Generally this template will be suitable only for use in the following situations:

1. hotel;

2. hostel;

3. boarding house; or

4. other lodging (not in the owner’s home) on a short-term or night-by-night basis.

It is not suitable for residence in a rented property that the person or family will be treating as their home (i.e. for medium or long-term accommodation) where this does not involve their lodging in the owner’s home, for example if the person and his family will be the only occupiers of the property or if the property is an HMO (see below). For this situation, you should use our template Assured Shorthold Tenancy Agreement, which would more accurately reflect the actual arrangement, be valid and comply with the Housing Acts. You should not use this Licence template to try and circumvent the protections given to tenants.

If you or a member of your family do occupy the property where the lodger will live as your main or only home, then you may prefer our template Lodger Agreement instead.

A licence to occupy residential property may also be known by other names but be essentially very similar things, e.g.:

  • a lodger agreement;
  • a rent-a-room agreement;
  • a room rental agreement; and
  • an agreement to let a room to a lodger on a serviced basis.

This Licence to Occupy Residential Property template presumes:

  • the accommodation is let on a furnished basis;
  • the lodger will have use of his or her room and also some shared facilities in the property, such as living room, bathroom and kitchen;
  • the owner or a member of his or her family do not occupy this property as their main or only home; and
  • the lodger can be asked to move rooms by the owner.

If (a) the owner or a member of his or her family is not resident and (b) in practice the lodger cannot or would not be asked to change rooms, then you may in fact have a “tenancy” situation – this gives the lodger or tenant extra rights, and this Licence template would no longer be suitable for you to use (and some of its terms would be invalid, as they would clash with the rights given to the tenant under the Housing Acts).
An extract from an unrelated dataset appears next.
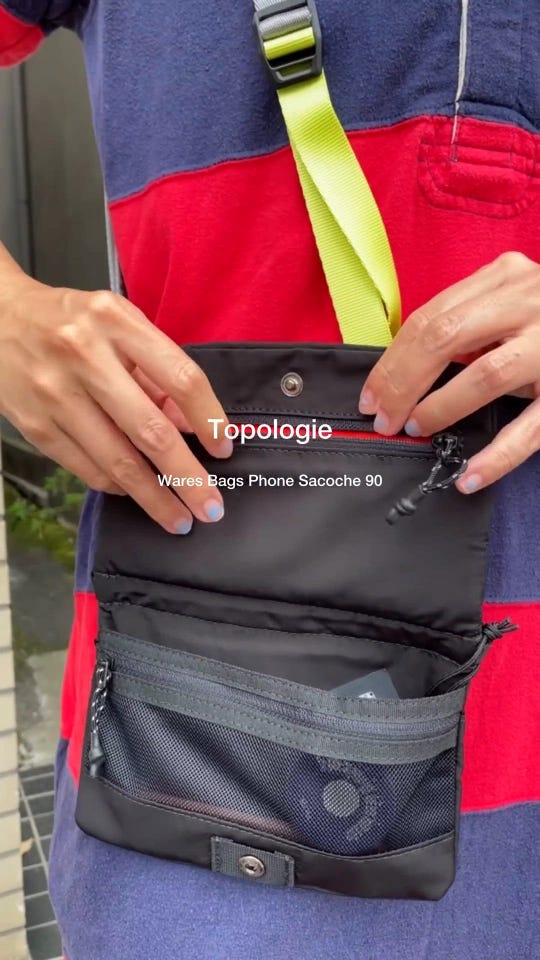 Topologie｜トポロジー】Wares Bags Phone Sacoche 90 フォン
Instead you should use our template Assured Shorthold Tenancy Agreement, as mentioned above.

Excluded licences

If the licence is an “excluded” one, then you can evict the lodger without a court order, if it is possible to do so peaceably (i.e. without force or the threat of violence – which would be a criminal offence in any case), for example by changing the locks, but if not you will need a court order for eviction. To qualify as an excluded licence you need the lodging to be one where:

1. you or a member of your family live at the property; and

2. you or a member of your family share your living room, bathroom or kitchen with the lodger.
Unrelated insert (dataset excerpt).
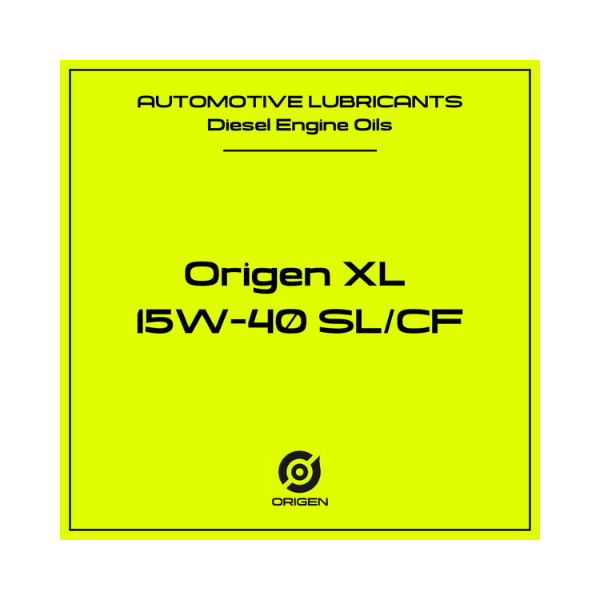 Origen XL 15W-40 SL-CF Diesel Engine Oil - 210L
If, as the owner, you do not live in the property, then the licence is not an “excluded licence” and, as a result, it is harder to evict a lodger who has overstayed (including because the term has expired or for non-payment of rent). In the case of (a) any tenancy or (b) a non-excluded licence, the owner/landlord will always need a court order for eviction, and evicting without such a court order is in itself illegal (even without force or threats) and can lead to significant damages being payable to the tenant/lodger.

Obtaining such a court order can take several months and incurs some court costs even if you are not using a lawyer to assist you.

Unfair terms

If the owner does carry on a business of letting rooms to lodgers, then a Licence to Occupy Residential Property will then be between a business and a consumer and, as such, will be subject to the Unfair Contract Terms Act 1977 and the Unfair Terms in Consumer Contracts Regulations 1999. This would mean that any unfair terms that have not been individually negotiated might not be valid.

Avoiding creating a tenancy

It is deliberately intended to avoid this Licence being classed as an “assured shorthold tenancy” or other tenancy agreement, but this will only work if the situation is genuine and this Licence is not being misused for a situation that is in reality a tenancy. As noted briefly above, tenancies create various additional rights for tenants and impose various extra obligations on landlords, so are best avoided in this context, but only if it is genuinely possible to do so. For example (a) terminating and evicting is much more difficult or regulated once a tenancy has been created and (b) any deposit would also need to be held by a proper third party. Therefore you should avoid references to the following, as this template seeks to:

  • rent (called instead a “licence fee”);
  • tenant (called instead the “lodger”);
  • landlord (called instead the “owner”);
  • the lodger having “exclusive possession” rights over any part of the property; and
  • a fixed term.

You could provide for it to be for a fixed term without this of itself necessarily meaning it becomes a tenancy. However, since the court would look at all of the facts and not just the terms of the agreement when deciding whether the arrangement is or is not a tenancy, you are better off having it as an open-ended arrangement that either party can terminate on notice – see the note on clause 9.1 below. However, if a fixed term is what you want, you can use the optional clauses in the template to do this.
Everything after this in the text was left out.